Arthritis is a general term to describe inflammation of the joints. However, there are different types of arthritis, including osteoarthritis (OA) and rheumatoid arthritis (RA). Although OA and RA both affect the joints and cause inflammation and joint pain, they are very different forms of arthritis.
Degenerative disease vs. autoimmune disease
Osteoarthritis is the most common forms of arthritis and a degenerative disease (disease in which deterioration of structure or function of tissue occurs). People with OA experience a breakdown in the cartilage that cushions the joints. The worn cartilage causes bones to rub against each other, resulting in pain.
OA may be the most common form of arthritis, but RA is the most crippling. Rheumatoid arthritis is also one of the most common forms of autoimmune arthritis. It is a chronic disease, causing pain, swelling, joint damage and limited motion and function in the affected joints. RA can affect any joint, but the small joints of the hands and feet seem to be most affected. Moreover, inflammation may affect organs, including the eyes, lungs, heart, and skin.

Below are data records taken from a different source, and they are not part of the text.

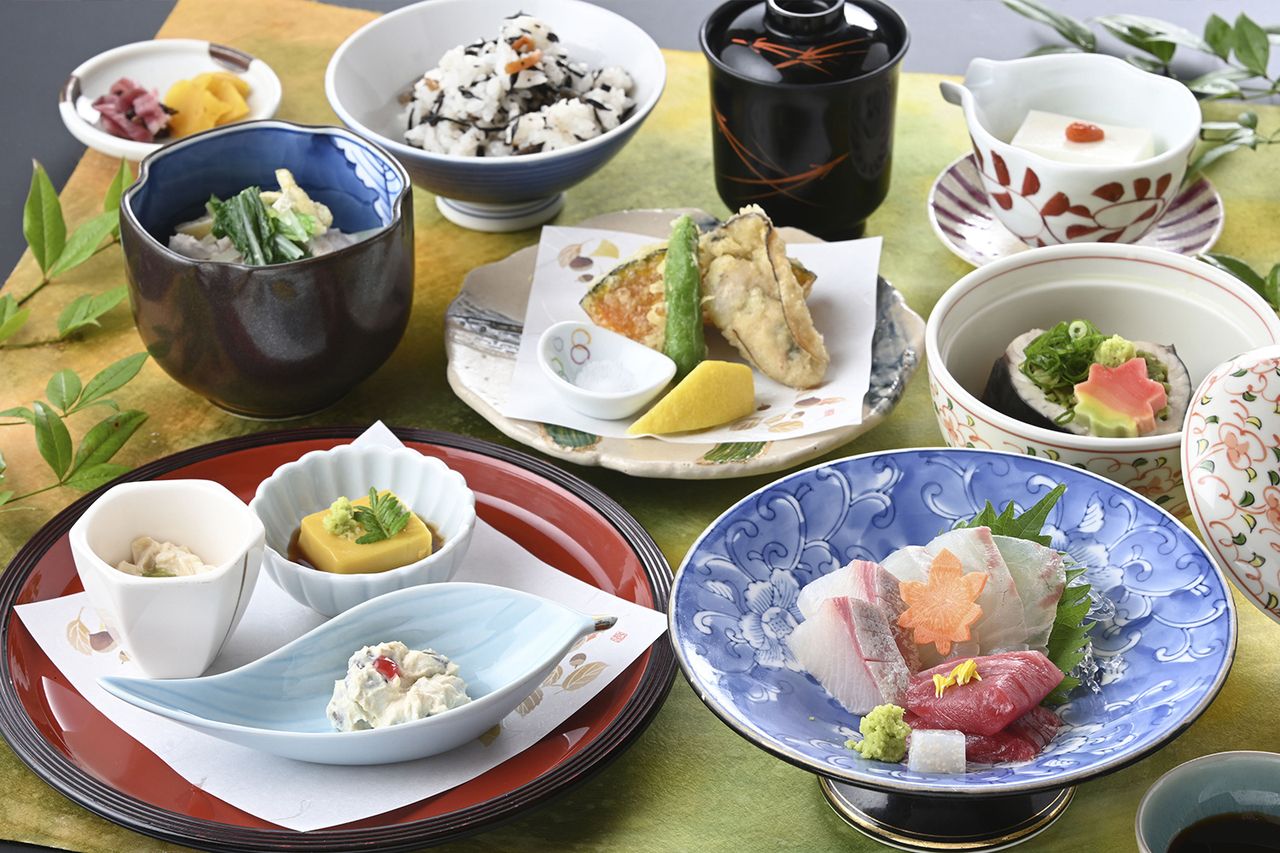 四季彩会席3850円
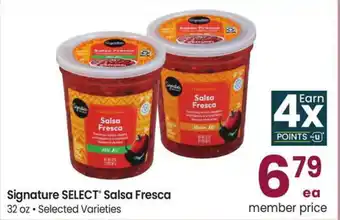 Albertsons Signature SELECT Salsa Fresca offer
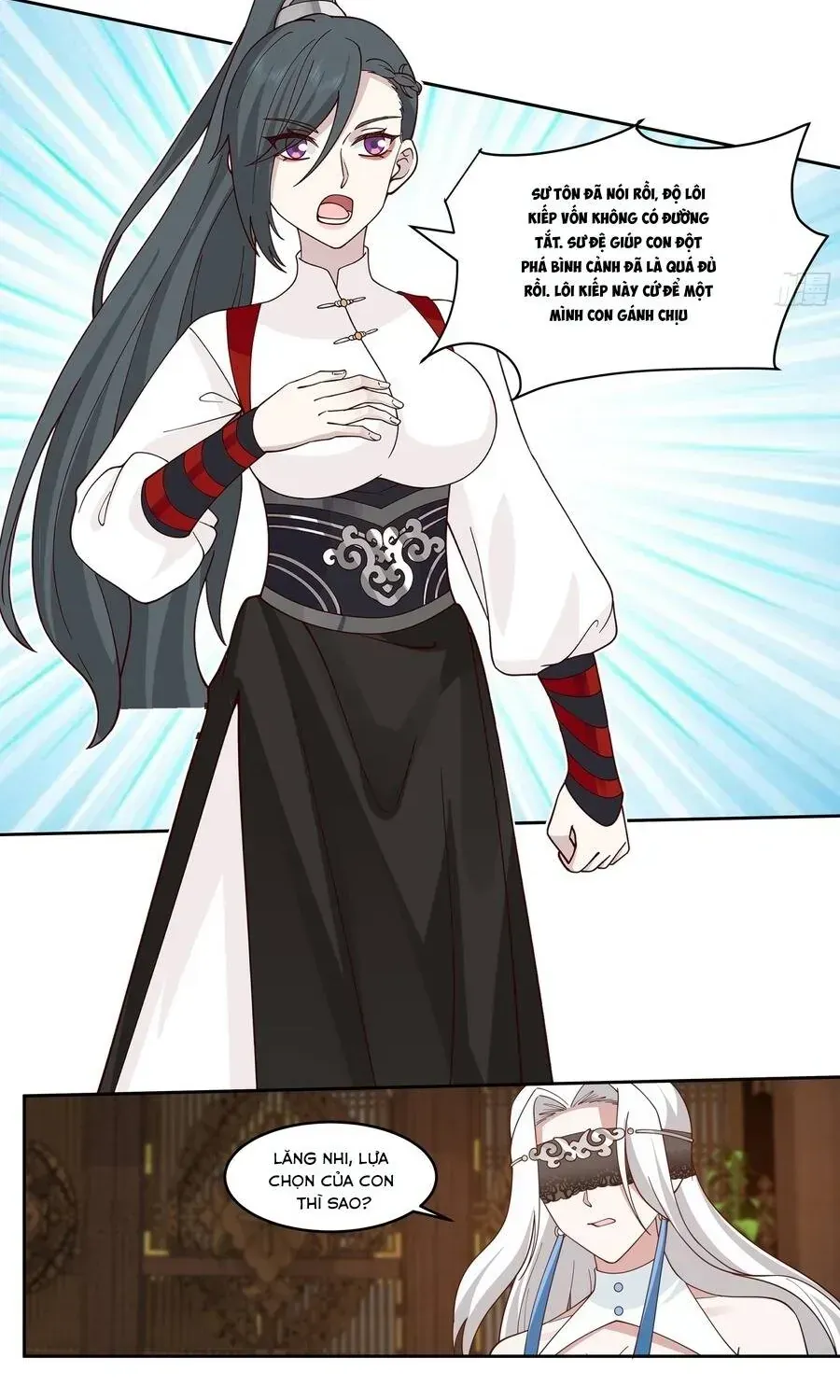 Sư Tỷ, Ta Không Muốn Cố Gắng! Chap 39 - Next Chap 40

Osteoarthritis affects an estimated 27 million Americans, whereas rheumatoid arthritis affects 1.3 Americans. Both conditions are more common in women; 75% afflicted with RA are women. RA affects people between the ages of 30 and 60, but can start at any age, and even affect children. OA generally starts later in life and more common in older adults.
OA is the result of aging and risk factors, including injury, repetitive stress on joints, family history, and genetics. With RA, research has been aimed at the abnormal response of the immune system, but no specific cause is known. Theories look at triggering events and genetics but because RA affects people of all backgrounds, it is difficult to determine one specific cause.

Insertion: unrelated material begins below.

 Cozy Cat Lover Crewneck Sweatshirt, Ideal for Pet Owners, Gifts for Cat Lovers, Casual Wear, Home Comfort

Rheumatoid arthritis symptoms generally have a rapid onset over a short period of time; for example, a matter of weeks. Osteoarthritis symptoms develop slowly and gradually worsen over many years.
OA joint stiffness and pain are a result of inactivity or over activity, and not an autoimmune process. Further, pain and stiffness are worse at night for people with OA, and morning stiffness lasts less than 30 minutes. OA pain worsens after exercise and pressure on joints, and rubbing, grating or crackling noises are heard when afflicted joints are moved. Joints on one side of the body are worse and OA can also cause pain to the spine and hips.

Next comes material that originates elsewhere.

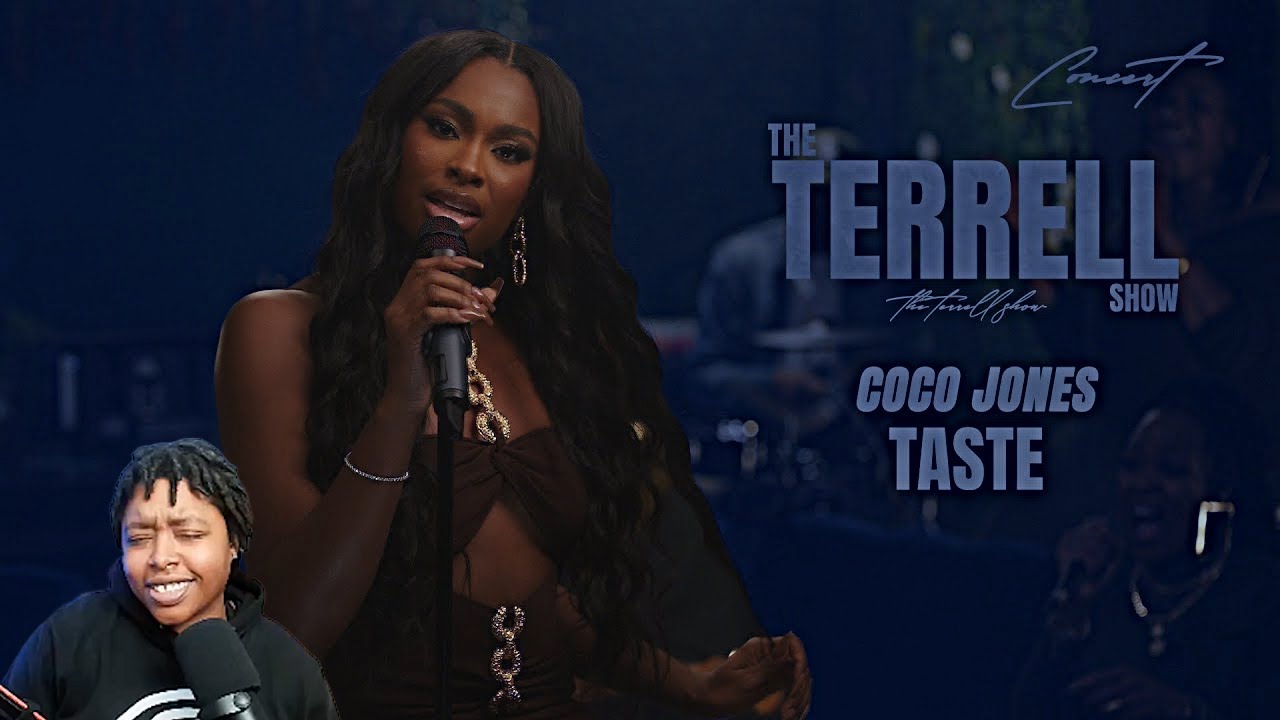 Coco Jones - Taste LIVE on The Terrell Show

RA is a systemic disease, usually affecting joints on both sides of the body equally, with the joints of the wrists, fingers, knees, feet and ankles most afflicted. The affected joints differentiate RA from OA, as OA typically affects the larger joints, such as in a knee, hip or shoulder, and not necessarily on both sides equally.
RA joint symptoms include, morning stiffness lasting more than one hour, pain on both sides of the body, and over time, joints may lose range of motion and become deformed. Non-joint symptoms are fevers, chest pain when breathing, dry eyes and mouth, fatigue and malaise, nodules on under the skin when the disease is more severe, numbness, tingling and/or burning of hands and feet, and sleep problems.
OA is diagnosed with imaging tests, including x-rays and MRIs, looking for progressive joint damage and deterioration. A physical examination looks at affected joints for tenderness, redness, swelling and range of motion. Blood tests are done to rule out RA.
RA can be hard to diagnose because it may start out with subtle symptoms, such as achy joints or some morning stiffness, and those early symptoms can mimic other diseases. Early on, there is no single test to confirm an RA diagnosis. Rather, doctors will make the diagnosis by looking at the patient's symptoms, blood work, x-rays, and results from the physical exam.
The goal of treatment for both RA and OA is to reduce pain, manage symptoms and halt further joint damage. Non-steroidal anti-inflammatory drugs (NAIDs) are prescribed to help with pain and to reduce swelling.
Osteoarthritis is also treated with steroid injections into affected joints for pain relief and restoration of function. Physical therapy helps to stabilize and strengthen joints. Heat, rest, weight reduction, and massage also help with pain management.
People with RA need stronger oral steroid medications, such as prednisone, to manage inflammation. They also use medications that prevent joint destruction and halt disease progression, including biologics and disease-modifying anti-rheumatic drugs, or DMARDs (Methotrexate). Biologics and DMARDs are known for their effectiveness, as well as their increased risk for side effects and infections.
There is no cure for OA or RA. Because OA is degenerative, it will continue to get worse with time. But with appropriate treatment and lifestyle changes, including diet and exercise, most people can maintain a positive life outlook.
The outlook for RA is unpredictable, and numerous complications can arise from this autoimmune disease. And because RA is different for each patient, there is no general prognosis. However, many new treatments have been developed over the last 30 years that aim to lower inflammation, help with pain, prevent joint damage and halt the disease's progress. As a result, people with RA have a much better quality of life today than they did two decades ago.